Porque ¿quién tiene derecho a elegir quién morirá? ¿Quién puede cargar con ese peso sin quebrarse? A bordo, todos sabían que el mar podía pedir cualquier cosa… y que negar la voluntad de los dioses era inútil. Ante ellos, no había cañón, ni acero, ni pólvora, ni bravura que sirviera de nada. Lo sabían desde que habían elegido vivir sobre las olas: en el mar, lo humano manda poco. Lo divino, lo profundo y lo insondable es ley. Y, aun así, nadie quería ser el que pronunciara el nombre. Nadie quería mirar a los ojos al elegido. Nadie quería cargar con el fantasma de esa decisión el resto de sus días.

Y aunque Grace no era una capitana normal. Pues no le temía a ningún hombre, ni a ningún rey, ni a ningún dios.

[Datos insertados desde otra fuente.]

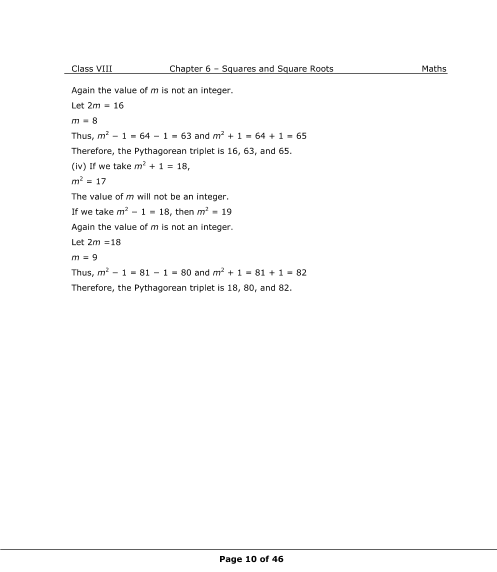 NCERT Solutions for Class 8 Maths Chapter 6 Squares and Square Roots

Pues había desafiado tormentas, flotas enteras y maldiciones antiguas sin parpadear. Esta vez no puedo evitar temblar. Incluso con todo el fuego que llevaba metido en el alma.
  • Tres amaneceres… Una vida… - murmuró Grace sin apartar la vista de su vieja amiga.
  • Así lo mandan los Dioses… esa es la voluntad de Tangaroa.
Grace apretó los dientes, firme ante lo inevitable.
Sus manos se aferraron al timón con dureza.
Su mirada se encendió de ira.
Sus dientes chirriaron con salvajismo.

Si aquel maldito Dios buscaba guerra, la iba a encontrar.

Continuará…
 
Joer, vaya dilema. Buscar un voluntario que se quiera sacrificar por sus hermanos? Ir a lo práctico, pero doloroso igualmente, de elegir a la persona de más edad y menor rango? Impaciente me hayo por saber como lo solucionan.

Enhorabuena por el trabajazo de documentación que has hecho para escribir este relatazo. Impresionante.😲🤯🤯
 
He estado estos días viendo las 3 pelis de star wars originales ( quiero decir las 3 primeras, que para mí son las mejores y no me canso nunca de verlas) y encima no me ha llegado la notificación de este capítulo y ahora porque me ha dado por mirarlo que si no se me pasa.
Bueno, a pesar de que es inquietante, yo confío en que no tengan que sacrificar a nadie.